Carlton Lille 2
© Philippe Huguen / AFP

Procès du Carlton : le témoignage de Jade, ex-prostituée

Une ancienne prostituée, une rare qui s’est portée partie civile, est venue témoigner à la barre ce mardi matin. Cette jeune femme a expliqué de quelle manière elle est tombée dans la prostitution et comment elle a rencontré René Kojfer par l’intermédiaire de Dodo la Saumure.

Nous l’appellerons “Jade”. Elle se désignait par ce surnom quand elle a commencé à se prostituer, en 2007. La jeune femme porte des lunettes et une perruque couleur châtain, coupée au carré, choisissant de dissimuler un maximum son visage.

“J’ai eu un gros souci financier, j’avais deux enfants en bas âge. Mais on ne choisit pas cette situation. Je ne me suis jamais offert des bottes ou des sacs de marque”, affirme-t-elle. Les mots sont clairement choisis, parfois avec hésitation.

“Comment est-ce arrivé ? demande doucement le président Lemaire.

– Un jour, vous ouvrez le frigo, il est presque vide. Là, vous vous dites : il faut que je me lance, explique-t-elle d’une voix tendue, en indiquant qu’elle a répondu à une petite annonce. J’étais morte de trouille dans la voiture lorsque le chauffeur m’a conduite. Voilà comment j’ai mis le pied dedans.”

Jade a ainsi commencé à travailler dans les différents clubs de Dodo la Saumure, le long de la frontière franco-belge.

“Comment avez-vous rencontré M. Kojfer ? s’enquiert le président.

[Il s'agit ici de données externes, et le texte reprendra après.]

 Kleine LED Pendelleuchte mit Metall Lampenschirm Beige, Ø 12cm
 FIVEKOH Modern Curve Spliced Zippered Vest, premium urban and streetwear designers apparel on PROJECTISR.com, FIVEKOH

– Je travaillais dans un bar, chez Dodo. Il était venu avec plusieurs amis. En bas, il y avait le champagne, on faisait la fête. En haut, il y avait les hommes qui emmenaient les filles… Avec René, on était un peu les gais lurons de la fête.”

“On était le dessert…”

La grande difficulté de la jeune femme est de devoir s’exprimer devant un tribunal alors qu’elle avait demandé le huis-clos. “Vous m’imposez cela”, éclate-t-elle d’un coup. Elle reproche notamment à des médias d’avoir diffusé sa véritable identité. Depuis cinq ans, grâce notamment au mouvement du Nid, la jeune femme a retrouvé un emploi. Elle a laissé derrière ce passé, comme elle dit.

Et de reprendre sa description de ces après-midi à Lille en compagnie de René Kojfer, Hervé Franchois et Francis Henrion, respectivement propriétaire et directeur du Carlton.

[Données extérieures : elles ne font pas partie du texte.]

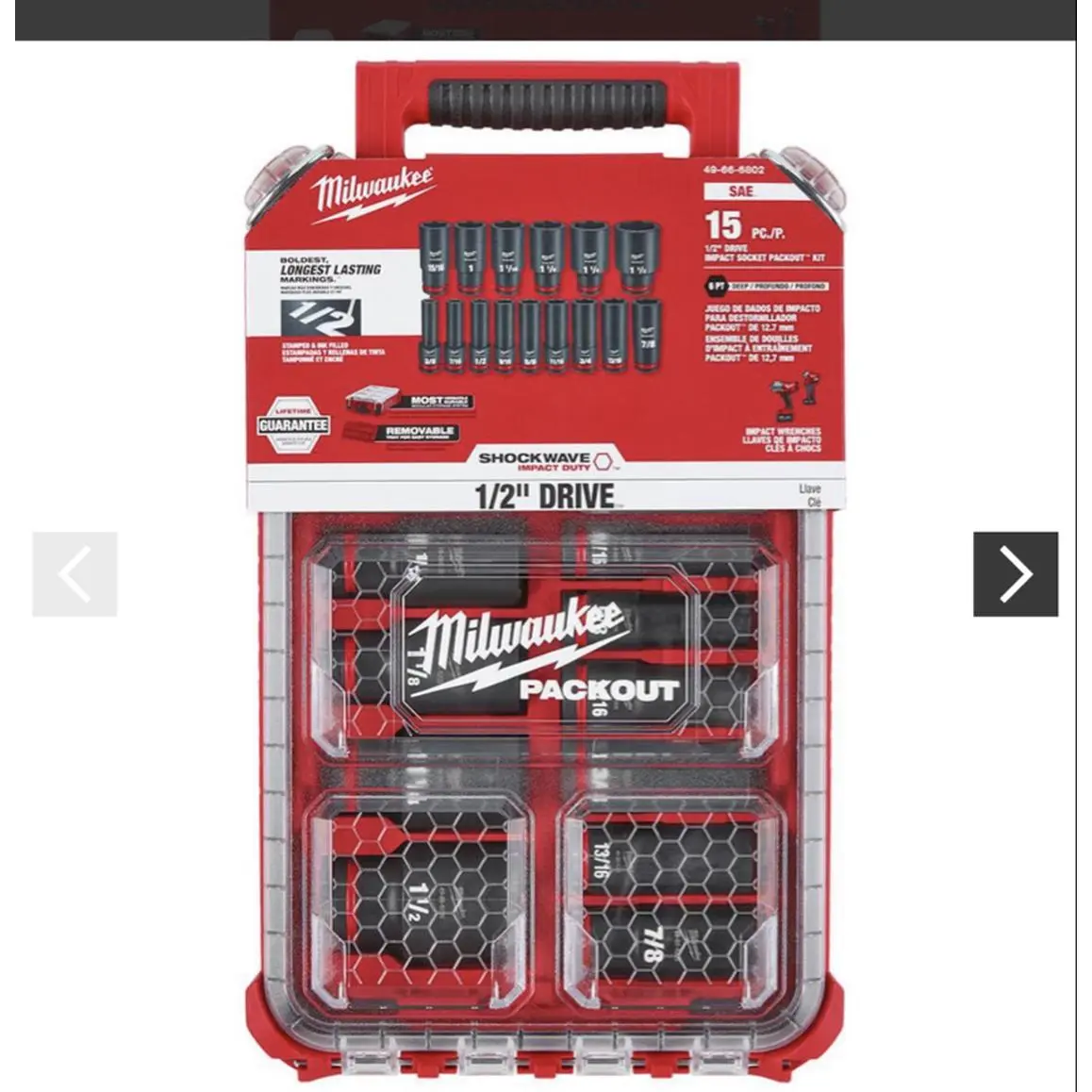 Milwaukee Packout Socket Set - 15 Piece 1/2" Drive - Shockwave Technology - Durable & Lasting - Perfect for Professional Use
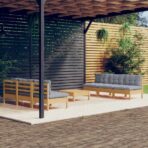 7-tlg. Garten-Lounge-Set mit Grauen Kissen Kiefernholz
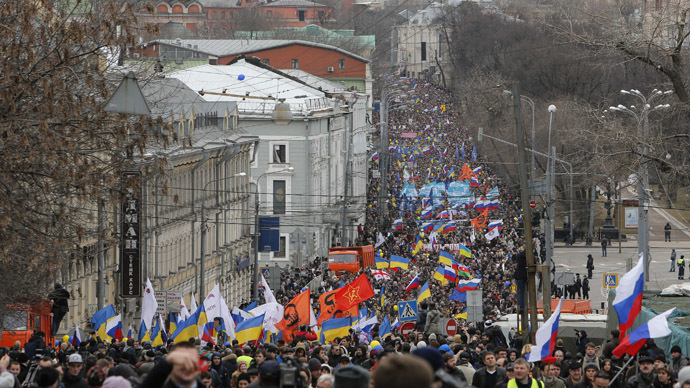People take part in an anti-war procession and a rally in Moscow, March 15, 2014. (Reuters/Maxim Shemetov)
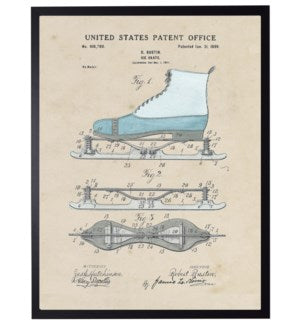 Ice Skate Patent Framed Art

“Je suis venue deux ou trois fois dans un appartement, ce n’était pas à l’hôtel”, précise-t-elle. Toujours selon Jade, “ces messieurs faisaient leur choix parmi les femmes présentes.”

“On vous offrait le déjeuner ? demande le président.

– Oui. On était le dessert”, ironise-t-elle, en admettant préférer ces “après-midi de récréation” aux sordides chambres de passe.

“Vous leur en voulez ? continue le président.

– Le sentiment est mitigé. (Elle hésite, cherche ses mots). Avec eux c’était classe, ce n’était pas la grosse boucherie. Ils ne me rabaissaient pas, ils n’ont pas triché. Les autres (elle parle des amis de Dominique Strauss-Kahn), je leur en veux car ils m’ont présentée à une personne publique.”

La dernière rencontre, René Kojfer qui indique que l’argent venait de la direction, donne 120 euros. “Les temps sont durs”, lui explique-t-il en lui donnant aussi un peignoir blanc. Sans l’écusson du Carlton.

La jeune femme se crispe. Véritablement tendue, elle souhaite sans doute que les questions se terminent. “Quand on paye pour un acte physique, c’est imposer un choix que l’autre n’a peut-être pas. On ne peut pas tout acheter”, finit-elle.

Jade devra pourtant de nouveau témoigner ces prochains jours, sur les deux autres volets du dossier : ses liens avec Dodo la Saumure et les soirées organisées pour Dominique Strauss-Kahn, la jeune femme ayant participé à deux d’entre elles à Washington.